N.Y. Home Health Agency Pays $35 Million to Settle False Medicaid Claims

The Visiting Nurse Service of New York (VNSNY) last week agreed to pay about $35 million to settle claims that it improperly billed Medicaid for services related to member enrollment in the organization’s adult day centers.

Under the terms of the settlement approved by U.S. District Judge Ronnie Abrams, VNSNY must pay a total of $34,994,428 to the Medicaid program, of which $13,997,771 will go to the U.S.

The settlement resolves claims that VNSNY improperly billed Medicaid for 1,740 members whose needs did not qualify for enrollment in the organization’s VNS Choice managed long-term care plan (Choice MLTCP).

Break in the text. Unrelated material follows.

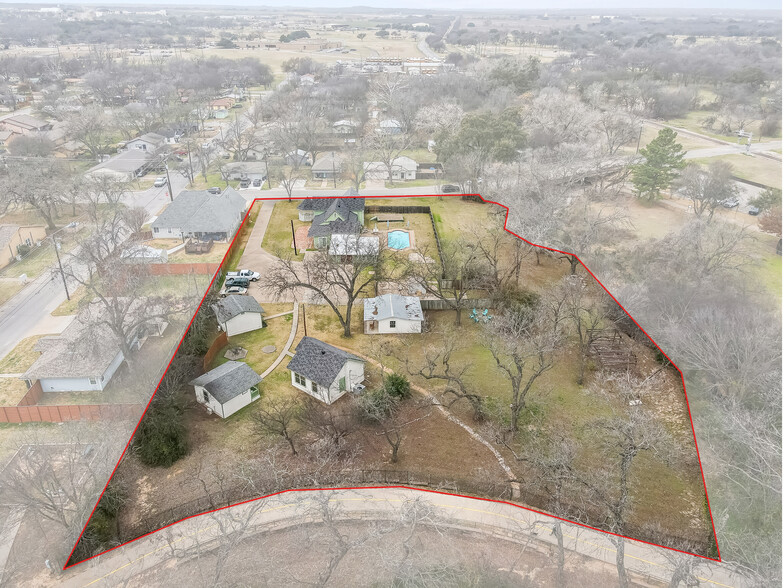 512 N Travis St, Granbury, TX en venta - Foto del edificio - Imagen 1 de 143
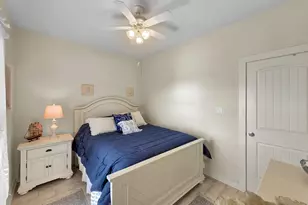 2577 Holiday Dr, Crystal Beach, TX 77650 - Photo 15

As a result, these members were alleged to be improperly referred by social adult day care centers, or received services primarily from these adult care centers, many of which federal investigators claimed provided substandard and minimal care.

“VNS collected millions of dollars in Medicaid payments by enrolling ineligible persons into its managed care plan who clearly did not meet the criteria for long-term care,” said Manhattan U.S. Attorney Preet Bharara in a written statement. “The company developed a network of social adult day care centers that were ill-equipped to provide the required level of care and instead served merely as a conduit to induce Medicaid beneficiaries to enroll.”

In the settlement agreement, VNSNY admitted that 1,740 Choice MLTC who had been referred by social adult day care centers, or used those the services those facilities provide, were not eligible to be members of the plan. These members were eventually unenrolled, beginning in August 2013.

Although the adult day care centers were supposed to be providing care to VNS Choice members, VNSNY admitted that during 2012 and 2013 various centers in its provider network did not provide services that qualified as personal care services under the terms of its Medicaid contract.

The settlement also resolves claims that VNS Choice improperly received referrals from the adult day centers and induced members to use them as the members’ primary source of personal care services.

As part of the settlement terms, VNSNY is required to credential only social adult day care centers that are certified and capable of providing community-based personal care services consistent with regulatory requirements.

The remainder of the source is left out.